The edge of the earth

Discussion in 'Science & History' started by Mirage, Apr 11, 2008.

  1. Mirage

    Mirage Administrator Staff Member V.I.P.

    If you were an explorer in the 16th century do you think you would have ventured far into the sea? The big concern back then was that the earth was flat and that eventually you would "fall off" the earth if you sailed too far.

    Knowing full well (it wasn't true but it was fact at the time) that if you ventured too far you could fall off the earth do you think you would have gone on journeys across the ocean?
     

  2. Major

    Major 4 legs good 2 legs bad V.I.P.

    I've always dreamed of being an explorer. I think it would be awesome having a blank map, not knowing what's out there. Of course everybody is afraid of the unknown, but without taking risks you can never find the truth.
     
  3. viLky

    viLky ykLiv

    I would have also loved to explore back then, but not in the ocean. I would be afraid the current would pull me over the edge and I would have no control over it. At least on land if I get attacked by a bear I can at least try to fight it off before I died. =P

    I want SOME control.
     
  4. ysabel

    ysabel /ˈɪzəˌbɛl/ pink 5

    Not on water. If it were a land journey, I'd search. Part of my family lives in Finistère (that's in Britanny, extreme west of France touching the Atlantic Ocean). The place is so called (from finibus terræ) because they thought it's the end of the earth. Little did they know that across the ocean is the USA, lol.
     
  5. Bananas

    Bananas Endangered Species

    Sorry to burst the bubble on this thread but as its in the history section I feel obliged to correct a common myth.

    The Earth was never thought to of been flat, it was a myth conjured up in the 19th century by fiction writer Washington Irving to ridicule creationists.

    For a very long time it has been known that the Earth was a sphere;

    The ancient greek diety Atlas famously carries the Earth on his back represented as a sphere.

    Since humans first started casting boats to water they would watch the boats dissapear over the horizon and then return, they knew this was only possible if the Earth was spherical.

    It was also assumed the world was spherical as the moon was clearly spherical, plus when the Earth eclipes the moon it will cast its spherical shadow on it giving more evidence to its shape.

    Finally you have trigonometry, a system of maths that has been calculated for at least 4000 years but came into real significant with the Greeks. Trigonometry says that Three sides of a triangle must equal 180*, if you calculate the angle between 3 points on the earth you can prove its spherical and make a conservative guess to its size using Pythagoras' theory.This could also be proved by observing the stars form the equator and then agian from further up the hemisphere as Aristotle provedin 350BC.

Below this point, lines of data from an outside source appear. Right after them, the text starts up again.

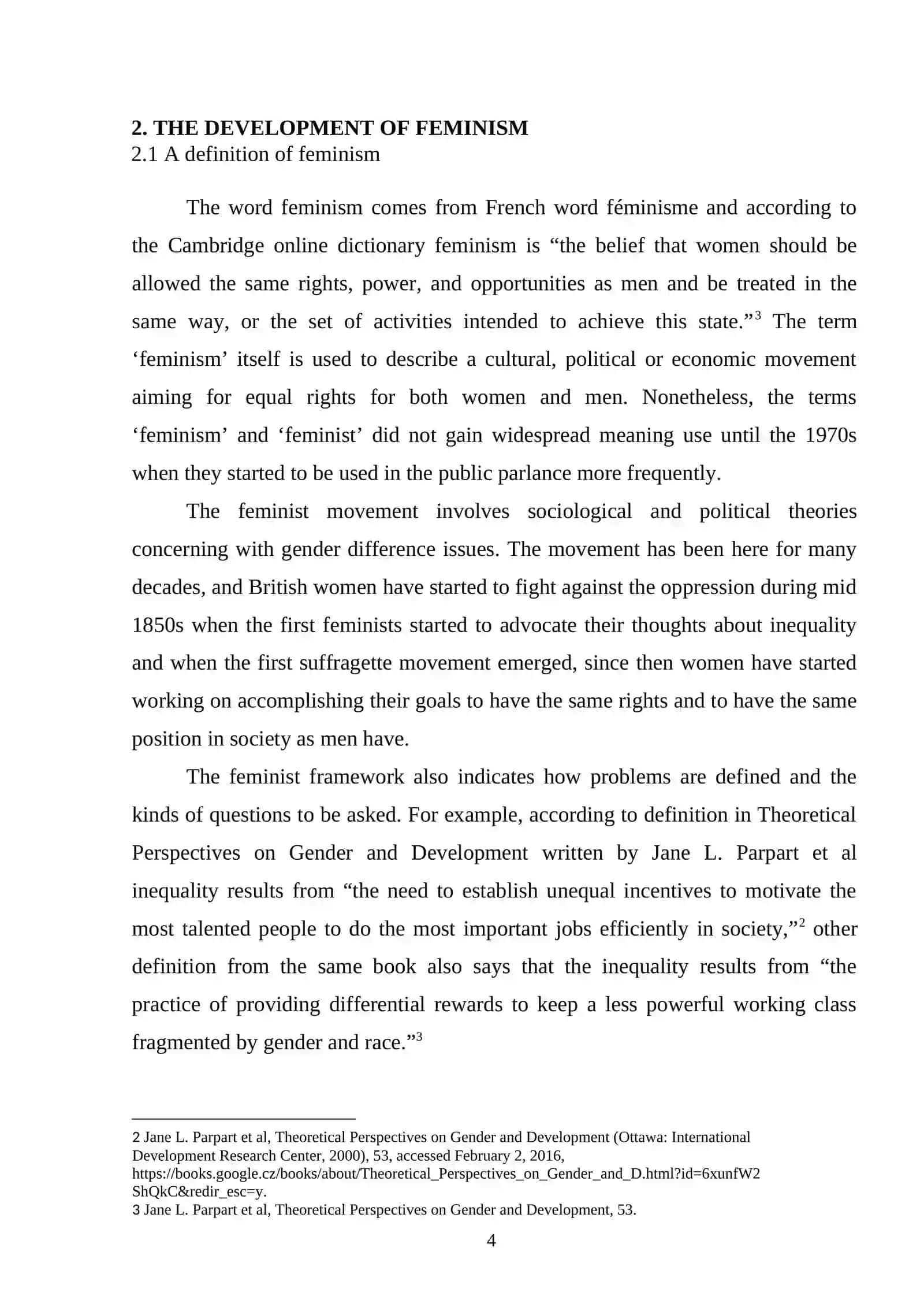 English literature in the 19 th century 4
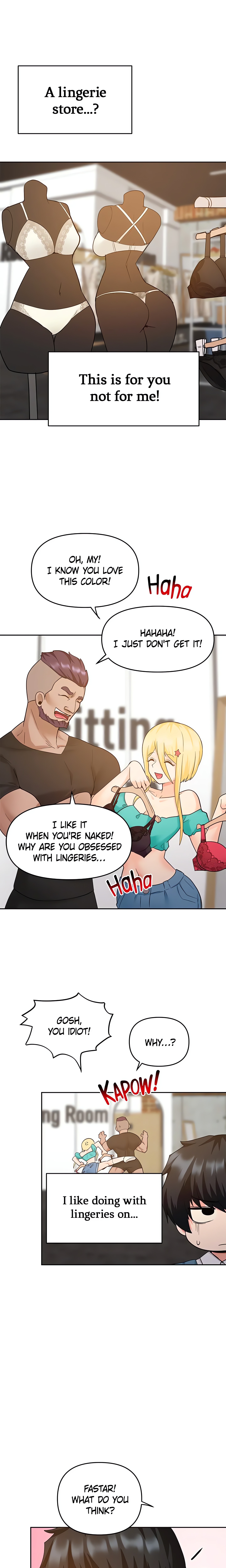 The HYPNOSIS APP was Fake (Official) chapter 33 page 8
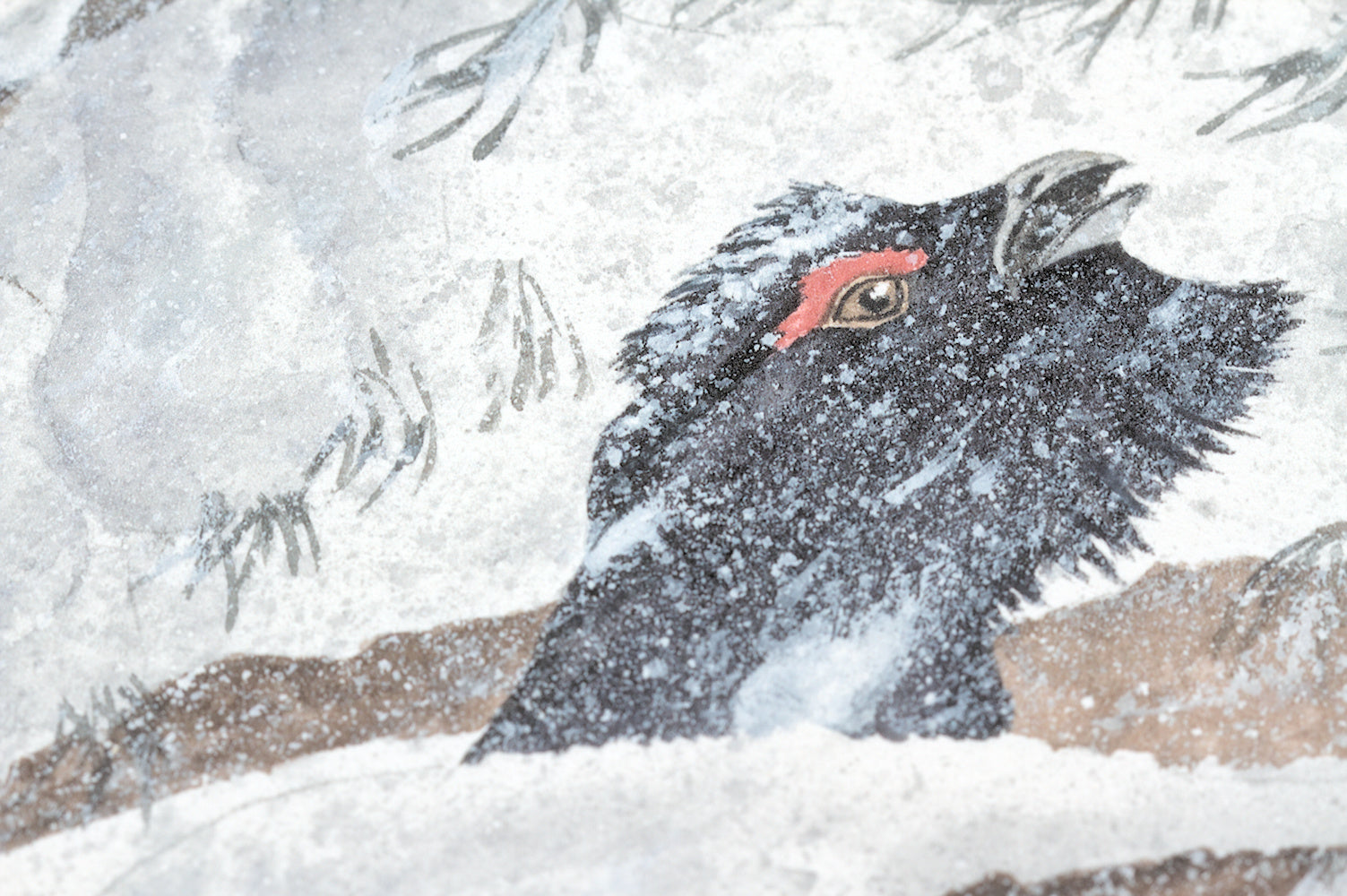 Trop de neige pour danser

    When Columbus set sail he did not fear falling off the edge of the Earth, he was looking and exploring for an alternate trade route from Europe to India again something only possible if he believed the Earth was spherical. This also explains why Native Americans were called Indians and why the West Indies are no where near the East Indies.:)
     
    Last edited: Apr 12, 2008
  6. MenInTights

    MenInTights not a plastic bag

    Creationists or Catholics? I can see the Catholics, but its hard to see there being a evolution movement in the early 1800's.
     
  7. Bananas

    Bananas Endangered Species

    Creationists or Catholics; basically anyone who opposed the idea of Darwinism in the 1830s.

    The specific book to which the myth derives is 'The Life and Voyages of Christopher Columbus' it was written with an alternate notion by Irving as a snide attack on those who rejected Darwins theories. In essence he was saying look how stupid you are to believe the world is flat, the truth was that they did not think the world was flat before or after Columbus voyages.
     
  8. Doc

    Doc Trust me, I'm The Doctor. V.I.P.

    I'd love to be one of the first people to get here after the Native Americans were pushed back.

    No offense, of course, it was a wrong thing to have happened. I just think that I'd love to have explored all of that land before we took over completely. Maybe find my way to the West Coast?
     
  9. Cheomesh

    Cheomesh Registered Member

    If you're wondering about the lack of exploration beyond Europe for a long period of time, I would like to invite you to begin to plan the logistics behind sailing for an unspecified period of time on an ocean that would love to kill you.

    M.
     
  10. dDave

    dDave Guardian of the Light V.I.P.

    I think that it'd be pretty cool to be in unexplored waters going where no one has ever gone before, but nowadays it's impossible to do that.